Prior to Google, he was Area Manager and Principal Scientist at Xerox Palo Alto Research Center’s Augmented Social Cognition Group in researching how social computing systems help groups of people to remember, think and reason. Ed earned his 3 degrees (B.S., M.S., and Ph.D.) in 6.5 years from University of Minnesota. Inducted as an ACM Fellow and into the CHI Academy, he also received a 20-year Test of Time award for research in information visualization. He has been featured and quoted in the press, including the Economist, Time Magazine, LA Times, and the Associated Press. An avid golfer, swimmer, photographer and snowboarder in his spare time, he also has a blackbelt in Taekwondo.

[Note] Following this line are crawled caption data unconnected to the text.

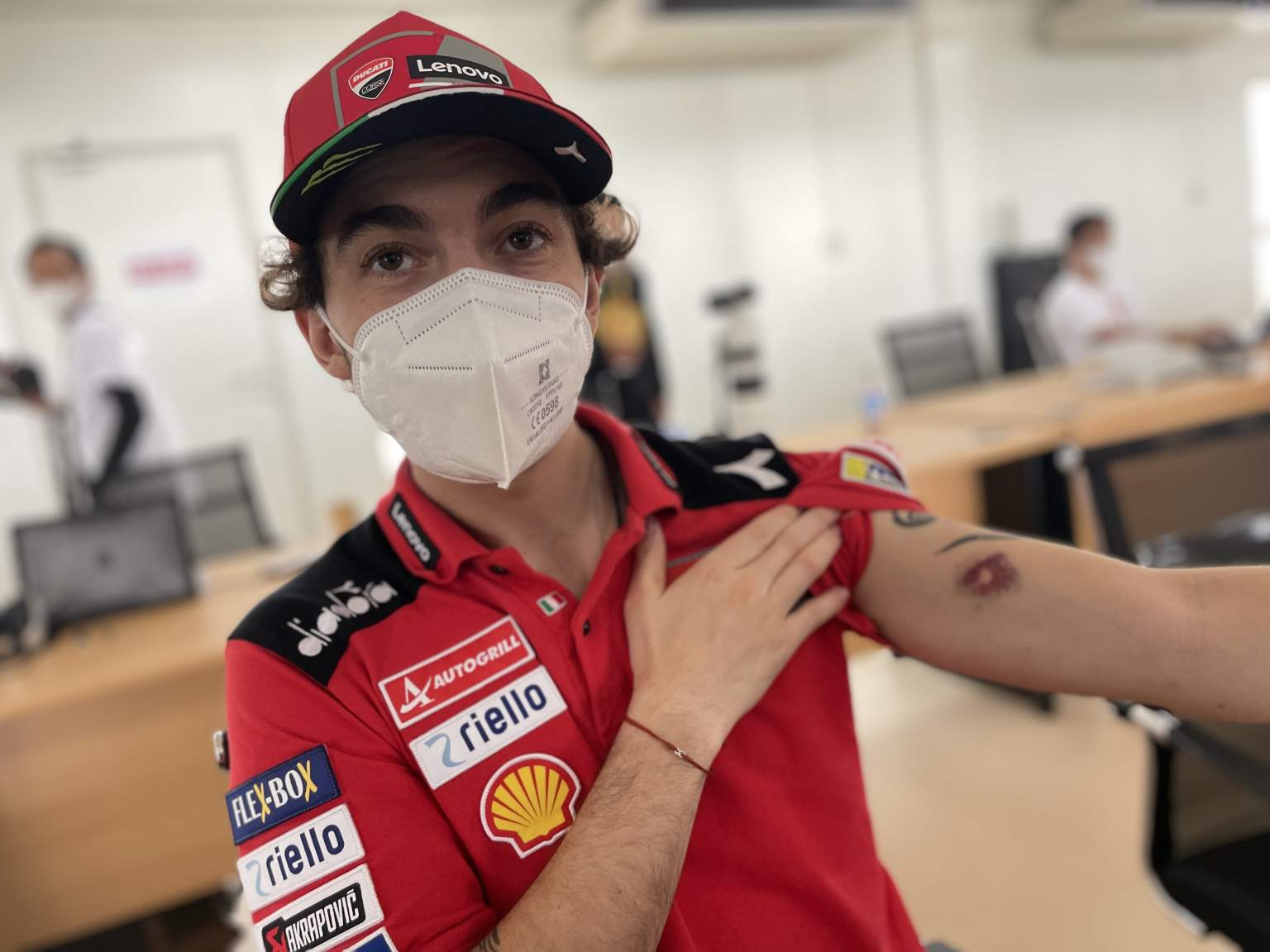 Lengan Bagnaia terluka akibat kerikil lintasan Mandalika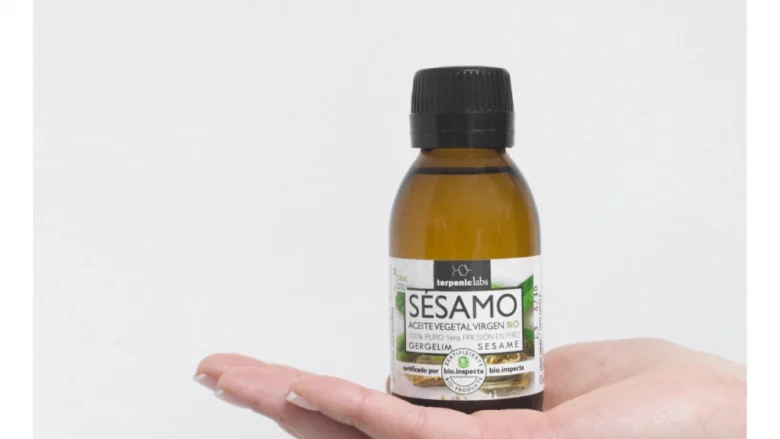 TERPENIC LABS. Sésamo. El aceite vegetal de Sésamo Virgen BIO se obtiene por molturación, prensado en frío y filtración suave de las semillas de la planta Sesamum indicum de la familia Pedaliaceae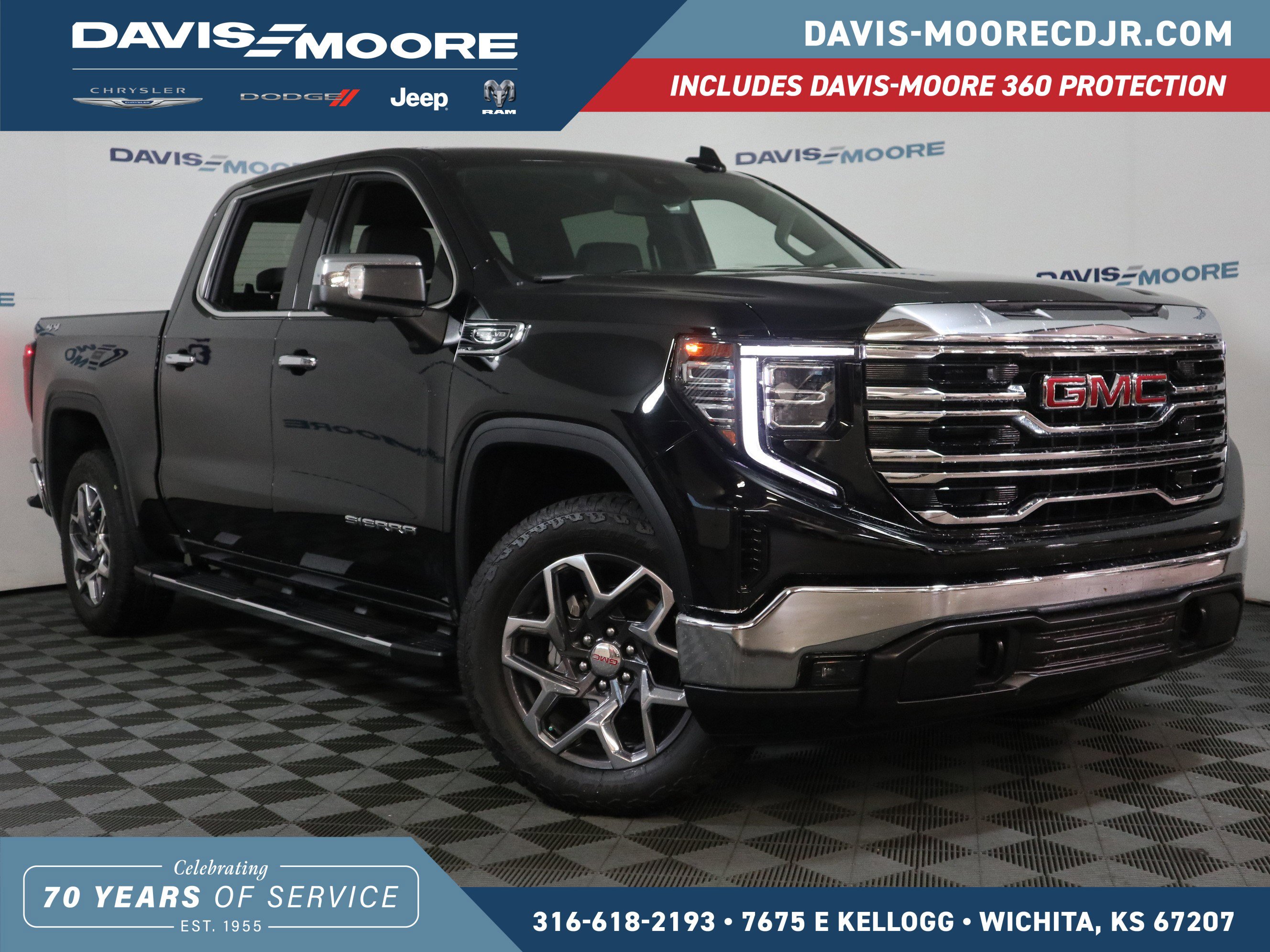 Used 2024 GMC Sierra 1500 SLT w/ SLT Premium Package image 1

Abstract: We’ve moved way beyond the old days of building discovery, recommendation, decision support, and other AI tools using traditional ML and pattern recognition techniques. The future of universal personal assistance for discovery and learning is upon us. How will multimodality image, video, and audio understanding, and reasoning abilities of large foundation models change how we build these systems? I will shed some initial light on this topic by discussing 3 trends: First, the move to a single multimodal large model with reasoning abilities; Second, the fundamental research on personalization and user alignment; Third, the combination of System 1 and System 2 cognitive abilities into a single universal assistant
Industry Day Keynote Speakers
Hong Yan
Digital Twins for Personalization: Re‑Inventing Billion‑User‑Scale Recommendation Systems With AI
Bio: Hong Yan serves as a VP of Engineering at Meta, overseeing the technical direction of search and recommendation systems. His career bridges industry-leading engineering with academic contributions, including an ACM Test of Time Award and numerous patents. He holds a PhD in Computer Science from Carnegie Mellon University, a bachelor’s degree from Tsinghua University, and was a recipient of the Gordon Wu Fellowship in Engineering at Princeton University.

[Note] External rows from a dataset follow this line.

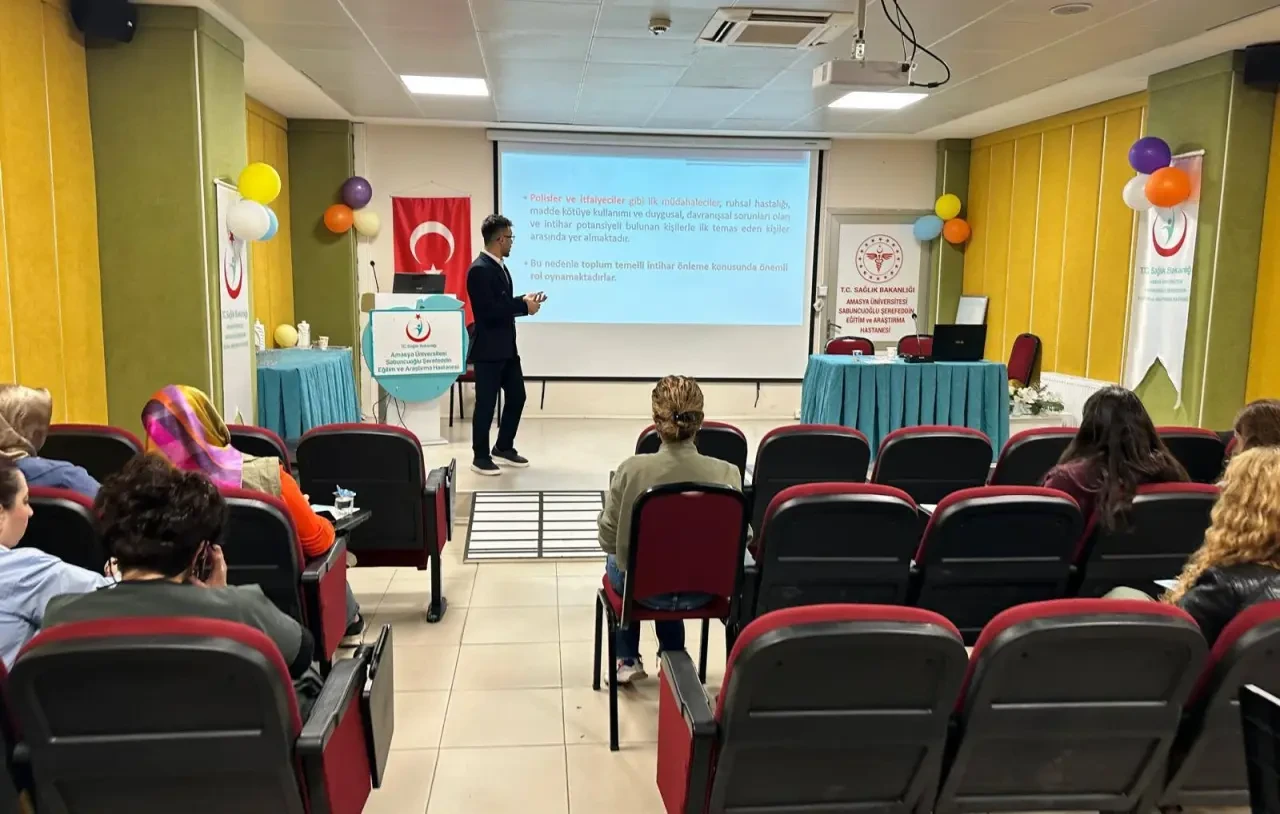 Amasya’da Sağlık Personeline “İntihar Girişimlerine Müdahale” Eğitimi Verildi 3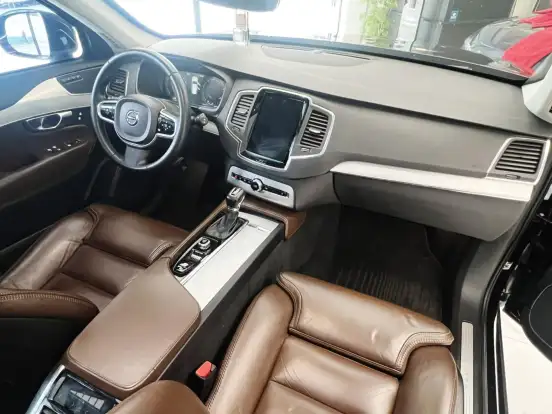 VOLVO-XC90-2017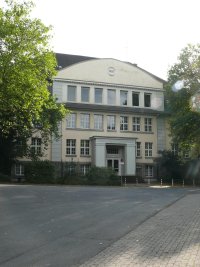 Haupteingang(zu)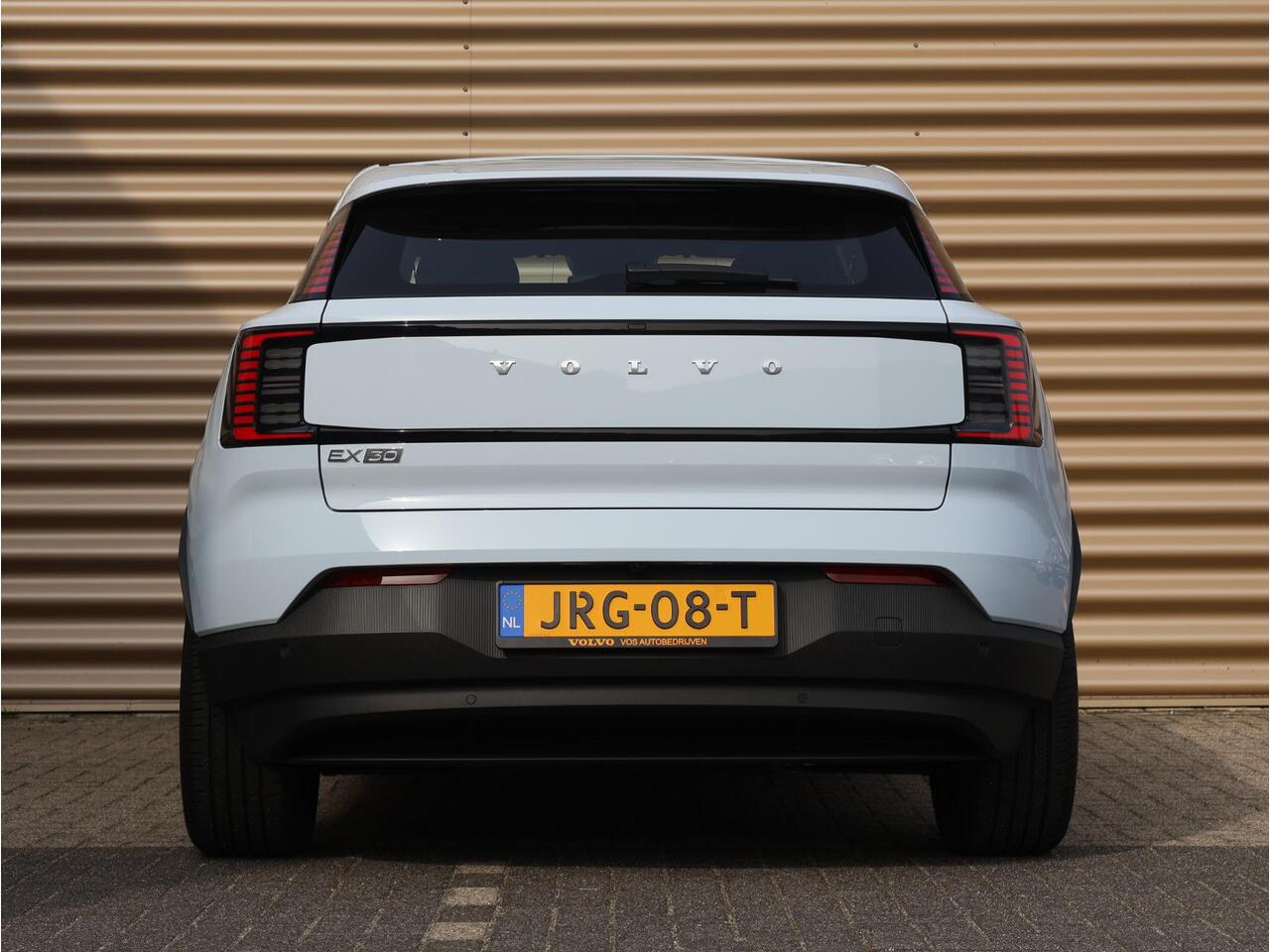 Volvo EX30 Single Motor Plus Europa 51 kWh | Climate pack | Elektr. stoelen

Abstract: This talk lays out a vision for re-inventing billion-user-scale personalized recommendation systems by moving into a new phase of problem-solving: the collaboration between humans and AI through Digital Twins. As traditional, expert-driven methods relying on offline evaluations and A/B testing hit their limits in today’s complex ecosystems, we propose a shift. By introducing digital twins, AI becomes a co-designer, shaping algorithms, objectives, and infrastructure alongside humans. This AI-in-the-loop approach unlocks new possibilities in reimagining retrieval and ranking, inventing stable objectives, designing seamless personalization across platforms, and optimizing for quality, reliability, and cost. We’ll showcase early results from this design loop and explore the challenges as well as opportunities.